Assimilazioni che solo un linguista, profondo conoscitore della critica letteraria mondiale come Giuseppe Manfridi è in grado di sfoggiare sul palco del TeatroSophia in una complessa acrobazia lungo un sentiero impervio a sfidare anche il rischio della comprensione. Lui, l’autore e l’inteprete, nel suo scomodare ogni dimensione del sapere incarna la figura di Filemazio nella Bisanzio di Francesco Guccini, “Matematico, forse saggio, ridotto come un cieco a brancicare attorno, non ho la conoscenza od il coraggio per fare quest’oroscopo, per divinar responso”. Un azzardo, forse? Ma non è questo il dovere di un letterato: porre domande, ipotesi, raccontare storie e farle rivivere, sollecitando le riflessioni della platea? Esplorando tutte le potenzialità analogiche del pretesto narrativo di partenza, allora Manfridi rende possibile la capacità di comparare il mondo dello sport con la letteratura in un connubio impensabile… basta un percorso, una coincidenza numerica o un dettaglio comune a renderli più simili di quanto si pensi.

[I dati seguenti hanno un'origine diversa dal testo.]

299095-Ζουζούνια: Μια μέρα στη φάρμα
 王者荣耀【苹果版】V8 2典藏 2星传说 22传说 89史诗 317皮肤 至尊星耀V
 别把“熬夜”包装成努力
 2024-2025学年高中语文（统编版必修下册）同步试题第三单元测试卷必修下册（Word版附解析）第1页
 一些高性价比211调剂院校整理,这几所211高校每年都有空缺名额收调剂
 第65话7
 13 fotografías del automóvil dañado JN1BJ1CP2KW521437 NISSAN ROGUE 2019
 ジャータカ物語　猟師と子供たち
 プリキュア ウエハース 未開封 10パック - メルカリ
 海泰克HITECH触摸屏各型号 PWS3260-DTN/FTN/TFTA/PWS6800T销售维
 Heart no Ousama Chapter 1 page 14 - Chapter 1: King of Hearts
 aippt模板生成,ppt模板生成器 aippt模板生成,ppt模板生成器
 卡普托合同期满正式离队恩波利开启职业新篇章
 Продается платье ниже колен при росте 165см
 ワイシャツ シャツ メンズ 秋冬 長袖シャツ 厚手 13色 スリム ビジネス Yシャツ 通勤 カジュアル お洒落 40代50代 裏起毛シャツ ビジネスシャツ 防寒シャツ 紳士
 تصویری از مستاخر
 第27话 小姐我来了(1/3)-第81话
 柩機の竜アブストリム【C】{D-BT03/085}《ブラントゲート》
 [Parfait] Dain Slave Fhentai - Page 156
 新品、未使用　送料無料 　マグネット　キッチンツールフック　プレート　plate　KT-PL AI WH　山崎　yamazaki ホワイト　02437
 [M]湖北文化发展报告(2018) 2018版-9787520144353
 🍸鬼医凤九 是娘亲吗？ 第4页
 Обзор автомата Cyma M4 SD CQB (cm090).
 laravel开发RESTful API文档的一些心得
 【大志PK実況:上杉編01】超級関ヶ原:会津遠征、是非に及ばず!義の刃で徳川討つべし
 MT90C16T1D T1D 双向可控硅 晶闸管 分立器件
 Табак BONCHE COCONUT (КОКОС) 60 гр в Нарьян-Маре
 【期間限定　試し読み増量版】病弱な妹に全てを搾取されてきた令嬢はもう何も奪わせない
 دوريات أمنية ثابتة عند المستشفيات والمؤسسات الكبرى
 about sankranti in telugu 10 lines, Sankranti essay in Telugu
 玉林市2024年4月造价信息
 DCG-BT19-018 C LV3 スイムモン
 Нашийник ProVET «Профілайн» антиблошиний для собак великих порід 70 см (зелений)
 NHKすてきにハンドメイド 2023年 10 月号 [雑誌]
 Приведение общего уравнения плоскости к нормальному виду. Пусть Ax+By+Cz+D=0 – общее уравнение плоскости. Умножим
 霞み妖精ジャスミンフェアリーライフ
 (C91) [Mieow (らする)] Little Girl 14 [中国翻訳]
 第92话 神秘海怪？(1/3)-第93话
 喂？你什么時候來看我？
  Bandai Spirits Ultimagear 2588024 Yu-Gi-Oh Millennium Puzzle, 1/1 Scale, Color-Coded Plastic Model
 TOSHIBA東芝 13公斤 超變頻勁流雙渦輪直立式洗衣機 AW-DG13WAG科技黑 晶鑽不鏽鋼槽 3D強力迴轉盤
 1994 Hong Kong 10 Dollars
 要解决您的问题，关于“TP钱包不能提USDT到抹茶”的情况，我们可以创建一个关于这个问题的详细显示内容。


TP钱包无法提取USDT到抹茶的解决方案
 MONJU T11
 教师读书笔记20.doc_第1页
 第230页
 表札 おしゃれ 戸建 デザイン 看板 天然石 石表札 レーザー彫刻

Uno spettacolo complesso, articolato ma al tempo stesso accattivante. Si esce dal teatro più arricchiti e forse anche incuriositi da una piccola storia piena di anomalie.
La regia di Claudio Boccaccini è stata inappuntabile nella creazione di un involucro surreale, come surreale e immaginario è l’allestimento scenico di Antonella Rebecchini che ben sintetizza e concretizza la narrazione di Giuseppe Manfridi.
Il messaggio finale arriva forte e chiaro: fare letteratura il più possibile, masticarla, comporla e nutrirsi della materia stessa al fine di utilizzarla come esercizio quotidiano. Un intrigante esperimento didascalico che contiene l’esigenza di valorizzare la dimensione letteraria con tutti i suoi lasciti. Non esistono risposte, anche se solo gli artisti nella loro veggenza possono prevederne i movimenti futuri, proprio come ci dice la sentinella di guardia nel famoso apologo della Bibbia, nel libro di Isaia, che a chi gli chiedeva a che punto fosse la notte, sapeva solo replicare: “Viene la mattina, e viene anche la notte. Se volete interrogare interrogate pure; tornate e interrogate ancora”.
L’uomo che volò oltre se stesso – tratto dal racconto “Wakefield, l’uomo che volò oltre se stesso” di Giuseppe Manfridi – uno spettacolo di e con Giuseppe Manfridi – Regia di Claudio Boccaccini – Installazione scenica Antonella Rebecchini – Dal 17 al 19 maggio al Teatrosophia.